- Theatrical release poster
- Directed by: Víctor García León
- Screenplay by: Manuel Burque; Josep Gatell;
- Starring: Toni Acosta; Ernesto Sevilla; Tito Valverde; Gracia Olayo; Ramón Barea;
- Production companies: Telecinco Cinema; Quexito Films; Aliwood; Creced y Multiplicaos AIE;
- Distributed by: Universal Pictures International Spain
- Release date: 21 April 2023;
- Country: Spain
- Language: Spanish
- Box office: €4.8 million

= One Hell of a Holiday! =

One Hell of a Holiday! (¡Vaya vacaciones!; previously known under the working title No haberlos tenido, lit. 'Not having had them') is a 2023 Spanish comedy film directed by Víctor García León from a screenplay by Manuel Burque and Josep Gatell. It features Toni Acosta, Ernesto Sevilla, Tito Valverde, Gracia Olayo, and Ramón Barea.

== Plot ==
Upon being forcefully tasked with babysitting their grandchildren Carla, Guille and Ali (thus ruining their planned holiday trip) while the latter's parents deceptively claim to be working, José and Manuela rebel, hatching a plan to psychologically torture their grandchildren, so the latter can plead to be "rescued".

== Production ==
The screenplay was penned by Manuel Burque and Josep Gatell. The film was produced by Telecinco Cinema, Quexito Films, Aliwood, and Creced y Multiplicaos AIE, with the participation of Mediaset España, Movistar Plus+, and Mediterráneo Mediaset España Group. Filming began on 8 August 2021, in locations of the provinces of Valencia and Alicante.

== Release ==
Distributed by Universal Pictures International Spain, the film was released theatrically in Spain on 21 April 2023.

== Reception ==
Juan Pando of Fotogramas rated the film 3 out of 5 stars, highlighting a Goya Award-worthy [performance by] Tito Valverde as the best thing about it.

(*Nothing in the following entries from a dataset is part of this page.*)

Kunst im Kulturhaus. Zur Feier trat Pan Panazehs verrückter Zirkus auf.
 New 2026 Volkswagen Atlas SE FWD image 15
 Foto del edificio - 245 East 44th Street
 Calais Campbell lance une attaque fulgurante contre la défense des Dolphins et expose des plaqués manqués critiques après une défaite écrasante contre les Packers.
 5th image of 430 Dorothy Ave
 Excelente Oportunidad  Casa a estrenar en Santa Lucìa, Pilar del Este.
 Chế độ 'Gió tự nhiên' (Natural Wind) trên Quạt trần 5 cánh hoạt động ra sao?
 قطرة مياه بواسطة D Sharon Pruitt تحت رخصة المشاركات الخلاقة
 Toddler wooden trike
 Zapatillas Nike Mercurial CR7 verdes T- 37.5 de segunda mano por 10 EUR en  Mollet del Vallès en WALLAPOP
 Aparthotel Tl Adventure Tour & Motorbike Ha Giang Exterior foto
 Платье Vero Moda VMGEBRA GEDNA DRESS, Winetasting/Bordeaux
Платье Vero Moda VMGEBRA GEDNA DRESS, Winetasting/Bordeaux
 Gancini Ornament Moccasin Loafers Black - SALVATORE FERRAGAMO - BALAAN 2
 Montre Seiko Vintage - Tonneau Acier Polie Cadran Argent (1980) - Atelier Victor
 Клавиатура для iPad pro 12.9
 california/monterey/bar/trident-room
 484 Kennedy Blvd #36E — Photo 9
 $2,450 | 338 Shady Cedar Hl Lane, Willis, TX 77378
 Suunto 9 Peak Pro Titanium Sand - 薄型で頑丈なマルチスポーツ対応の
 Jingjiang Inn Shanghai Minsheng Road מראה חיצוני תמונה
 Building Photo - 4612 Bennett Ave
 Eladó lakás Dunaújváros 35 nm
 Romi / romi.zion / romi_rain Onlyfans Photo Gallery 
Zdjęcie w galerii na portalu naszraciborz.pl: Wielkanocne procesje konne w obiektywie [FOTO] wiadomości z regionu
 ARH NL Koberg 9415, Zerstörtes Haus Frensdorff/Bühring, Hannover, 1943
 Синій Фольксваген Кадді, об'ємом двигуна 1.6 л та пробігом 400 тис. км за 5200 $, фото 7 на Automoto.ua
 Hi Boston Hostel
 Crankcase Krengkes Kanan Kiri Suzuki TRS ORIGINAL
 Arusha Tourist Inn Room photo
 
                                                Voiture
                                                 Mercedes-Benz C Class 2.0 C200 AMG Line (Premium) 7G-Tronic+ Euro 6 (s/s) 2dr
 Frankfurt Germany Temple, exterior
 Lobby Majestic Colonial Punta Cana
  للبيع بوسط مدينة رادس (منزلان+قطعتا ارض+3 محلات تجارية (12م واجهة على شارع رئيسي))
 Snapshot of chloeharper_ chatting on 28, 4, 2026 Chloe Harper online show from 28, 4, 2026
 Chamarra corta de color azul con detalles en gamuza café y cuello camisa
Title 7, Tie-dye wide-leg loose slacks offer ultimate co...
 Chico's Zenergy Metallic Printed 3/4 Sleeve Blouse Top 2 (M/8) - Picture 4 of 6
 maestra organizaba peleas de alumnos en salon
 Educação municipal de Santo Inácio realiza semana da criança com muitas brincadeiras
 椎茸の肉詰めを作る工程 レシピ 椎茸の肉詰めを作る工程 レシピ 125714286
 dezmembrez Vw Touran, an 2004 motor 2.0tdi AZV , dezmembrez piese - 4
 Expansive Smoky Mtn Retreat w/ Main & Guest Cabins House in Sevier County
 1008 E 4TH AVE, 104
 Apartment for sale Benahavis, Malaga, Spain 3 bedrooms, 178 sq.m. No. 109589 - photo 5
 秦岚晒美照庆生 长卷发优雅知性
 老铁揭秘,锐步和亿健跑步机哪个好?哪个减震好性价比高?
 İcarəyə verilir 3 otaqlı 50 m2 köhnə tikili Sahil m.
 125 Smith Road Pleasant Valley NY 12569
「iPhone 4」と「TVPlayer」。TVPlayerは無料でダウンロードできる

Manuel J. Lombardo of Diario de Sevilla rated the film 2 out of 5 stars, deeming its brand of humor somewhat of an improved version of the template of Santiago Segura's mainstream comedies, and overall "a decent little adventure in which one can recognize something more than the routine of filming a commissioned script".

Javier Escribano of HobbyConsolas rated the film with 65 points ('acceptable') deeming it to be "entertaining and balanced for children and adults, although not very original".